Making the implementation details of pagination unimportant to the API layer the user uses.

qsort · 4 years ago
No need for anything special, you would just query with something like "SELECT whatever FROM Table WHERE cursor>value ORDER BY cursor LIMIT n". Obviously there needs to be an index over the columns of the cursor, but any reasonable engine should allow you to add that effortlessly.
mbStavola · 4 years ago
The complication comes from having a cursor over results that are sorted on multiple columns. It's not incredibly difficult to implement, but it can certainly be annoying to do, especially if you want to support before+after cursor as well.
sa46 · 4 years ago
The API improvement proposals (AIP, yes it's a terrible acronym) are a rich source of API design wisdom. It assumes protobufs but the majority of proposals would work for any API.

The relevant one is https://google.aip.dev/158, which recommends cursor-based pagination and covers different pagination use-cases, including:

- support for different sort orders - mentioned in article as weakness of keyset pagination

- support for skipping results - mentioned as a weakness of cursor-based pagination

- why to use opaque page tokens

grogers · 4 years ago
This is a good reference, but IMO page tokens need to expire, even if you aren't storing any data for them. Expiring tokens make it possible to change pagination formats over time (you only need to wait the expiry time while supporting both formats), eg to improve efficiency.

Also I'll add that if you support a pagination API that accepts args (e.g. to filter on different dimensions) you should include a hash of the args in the opaque next page token, and fail the call if the args change. This prevents some nonsense scenarios where you started paging by scanning index A but the user switched filters such that you'd instead scan index B, but you don't have the key for that column.

dodobirdlord · 4 years ago
Your second point is noted in the https://google.aip.dev/158 guidance.

> Request messages for collections should define a string page_token field, allowing users to advance to the next page in the collection.

> * If the user changes the page_size in a request for subsequent pages, the service must honor the new page size.

> * The user is expected to keep all other arguments to the RPC the same; if any arguments are different, the API should send an INVALID_ARGUMENT error.

sa46 · 4 years ago
Expiring tokens has a section in that link:

> Many APIs store page tokens in a database internally. In this situation, APIs may expire page tokens a reasonable time after they have been sent, in order not to needlessly store large amounts of data that is unlikely to be used. It is not necessary to document this behavior.

gregw2 · 4 years ago
For large datasets, consider avoiding pagination complexity by having your api return a (asynch) job ID, and dumping the whole resultset to a file which can be fetched (over https) via the jobID.

I have done this with both Postgres/S3 and Redshift/S3 backends and presigned URLs and looks like I could do it with Snowflake too.
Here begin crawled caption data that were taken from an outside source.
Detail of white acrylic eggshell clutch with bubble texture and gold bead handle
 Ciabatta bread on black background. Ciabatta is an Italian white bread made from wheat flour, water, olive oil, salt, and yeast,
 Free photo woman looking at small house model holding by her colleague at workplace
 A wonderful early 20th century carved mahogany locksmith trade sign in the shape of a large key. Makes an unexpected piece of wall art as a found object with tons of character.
ignaciochiazzo · 4 years ago
Hey, I'm the author of the post. Thanks for the feedback! I will update the article with some of the insights from here.

I wrote the post when I was investigating cursor-based pagination, which I had to implement at Shopify. We decided to use Cursor-based pagination since offset performance wasn't good enough. The larger the offset, the slower the query.

We decided to add the cursors to the LINK header page of each request response. The header contains two URLS: the previous and next page.

We saw a tremendous impact! In some cases, iterating over the pages sequentially using Cursor was much faster than sending parallel requests using Page-based pagination.

I built a library where you can compare the performance of Cursor vs Offset for a Shopify Store iterating on specific resources. This helped validate the approach at Shopify and prove to partners that it was worth migrating to Cursors!